В восприятии лидерства как явления народные массы путают два признака — компетентность и компетенцию. Компетентность — это знания, опыт и т.п. То есть человек реально разбирается в том, чем руководит. А компетенция — это уже должностная функция. Поставили (или избрали) какое-то чучело на какую-то должность — и все. Чем занимается ведомство, теперь — в компетенции этого конкретного чучела. Потому что должность.
Но с общей девальвацией знаний, стремительным возвращением от научности к магическому мышлению (как предполагал еще Фрэзер в «Золотой ветви») биологическая потребность хоть бы и в эрзац-лидере остается.

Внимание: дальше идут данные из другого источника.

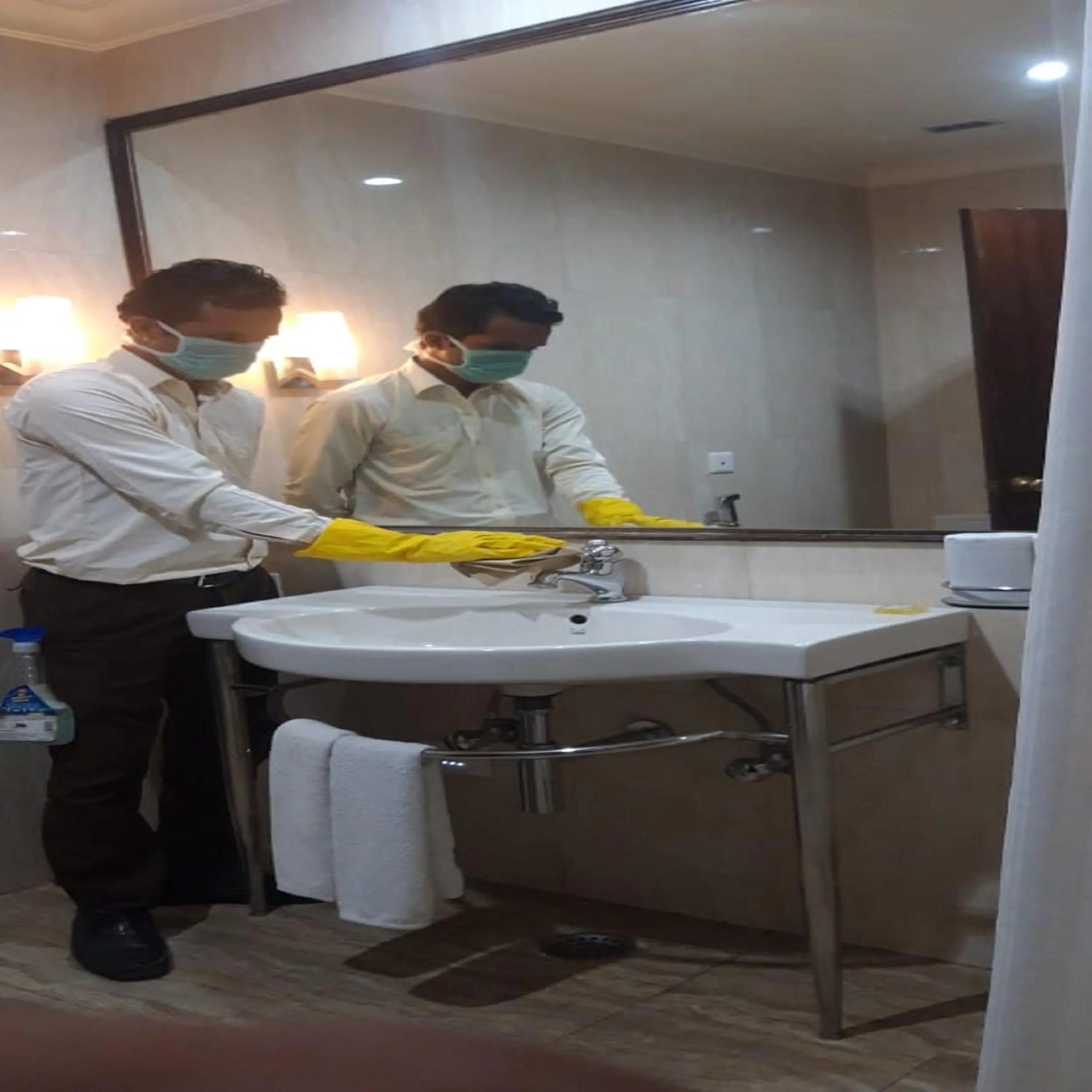 Staff in The Hadoti Palace, Bundi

Таким эрзац-лидером является образ «начальника». У него долгая советская традиция ритуального поклонения и задабривания, карьерного продвижения на пьедестал и падения оттуда. Даже образ «директора» с его директивностью и кабинетностью уже никого не привлекает. А вот «начальник» — он универсален.
В этом слове, в сравнении со всеми похожими терминами, меньше всего личностного начала. Недаром в уголовном мире такое обращение к правоохранителям ни к чему не обязывает и вместе с тем указывает на иерархические отношения без личных обид.
Чем меньше личного в руководителе, тем больше он «начальник». Чем меньше личного, тем меньше шансов спора и скандала о личных вкусах, и в целом о человеческом. Такая дегуманизация снижает вероятность возможных конфликтов, которых и так хватает в жизни.
Поэтому немалая часть «начальственных» функций теперь перемещается в разные «Дії» и другие полезные приложения смартфона и компьютерных сетей. Я не оцениваю здесь, насколько это хорошо или плохо. Но по крайней мере если у вас под руками личная техника, на которую вы молитесь 24/7, вам не надо каждый раз устанавливать направление молитвы на Мекку. Ваш «камень Каабы» и так у вас в кармане или сумочке.
Лидер, вождь, предводитель нам как традиционно, так и ныне принципиально не нужен как указатель. Мы будем свободно ориентироваться по мху на деревьях, руслам, звездам и солнцу. А на что? Начальник скажет.